Of course, sharing the benefits of technology doesn't necessarily mean fewer working hours. It can also manifest as higher wages, better public services, employee ownership of businesses, or other forms of benefit distribution.
However, if inequality continues to increase with each wave of technological innovation, it suggests that benefits are not being shared equitably.
Therefore, the crucial question is not how much value AI creates, but who that value will be distributed to.
Productivity results have always been a political issue.
The history of the Industrial Revolution is a prime example. When machines began to change the way production was carried out, the benefits did not automatically accrue to the workers. While factory owners grew wealthier, many workers continued to toil in harsh conditions with long working hours.
Improvements in working conditions only emerged later through trade union movements, political pressure, labor laws, and collective bargaining efforts.
Since the 1980s, the power of labor movements has significantly declined in many countries. At the same time, much of the benefit from technological advancements has tended to concentrate more in the hands of business owners rather than workers.
It is noteworthy that many people now take it for granted that all the benefits from technology should go to investors and shareholders.
AI could lead to two completely different futures.
If the benefits of AI continue to be concentrated primarily in the hands of investors, as has been the trend for decades, the result could be a wave of large-scale job losses, increased inequality, and economic power concentrated in the hands of a very few businesses.
Even ideas like unconditional basic income (UBI) ultimately come back to the same question: who owns the value that AI creates?
Conversely, if the benefits of AI are more widely distributed, technological progress does not necessarily equate to instability.
Instead of being replaced, people could work fewer hours while maintaining a good quality of life.
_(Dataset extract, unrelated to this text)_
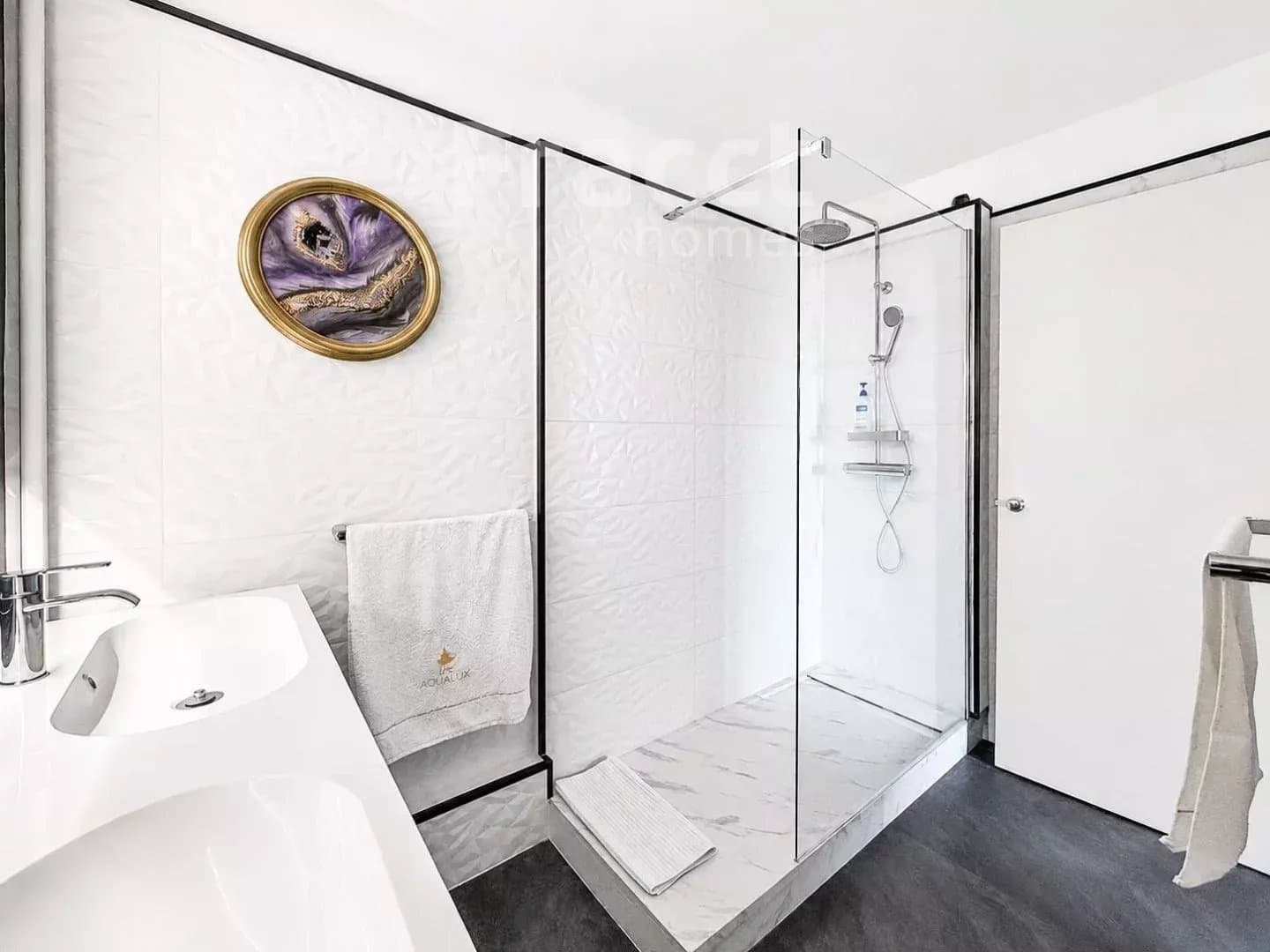 Elegant One Bedroom Apartment — photo 7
The time saved could be dedicated to family, health, education, creativity, or community activities.
That's why the most important question isn't:
" Will AI replace us ?"
Instead, it is:
" Who will benefit from the productivity gains that AI creates ?"
In other words, AI isn't directly stealing your job. Theoretically, AI could absolutely help you keep your current job while working less or more efficiently. But that would only happen if society had the right mechanisms in place to ensure the benefits of the technology were widely shared.
Without such mechanisms, AI could become a tool for increasing inequality at an unprecedented rate.
This doesn't mean businesses can immediately reduce working hours while maintaining the same salary for all employees. Competitive pressure, international markets, and profitability remain very real factors.
But that's also the crucial point. The economic and social system is what ultimately determines who technology serves.
If all motivations are geared towards maximizing profits, AI will struggle to improve working conditions. Conversely, if the interests of workers are also considered part of the equation, technology can help achieve a better balance between productivity and quality of life.
Models such as labor cooperatives, where workers directly own a portion of the business, or state-funded public AI projects are some examples of approaches being tested in many parts of the world.
AI doesn't automatically force employers to fire employees. That's a decision made by humans.
Like every technological revolution before it, AI ultimately leads us back to a familiar question: Who benefits?
If all the value created by AI flows solely into the pockets of owners and shareholders, inequality could escalate dramatically in the coming decades.
Conversely, if that achievement is shared more widely, AI could help reduce working hours, improve quality of life, and expand levels of freedom that previous generations could only imagine.
AI will not decide which future becomes a reality. It is humans who will make that decision.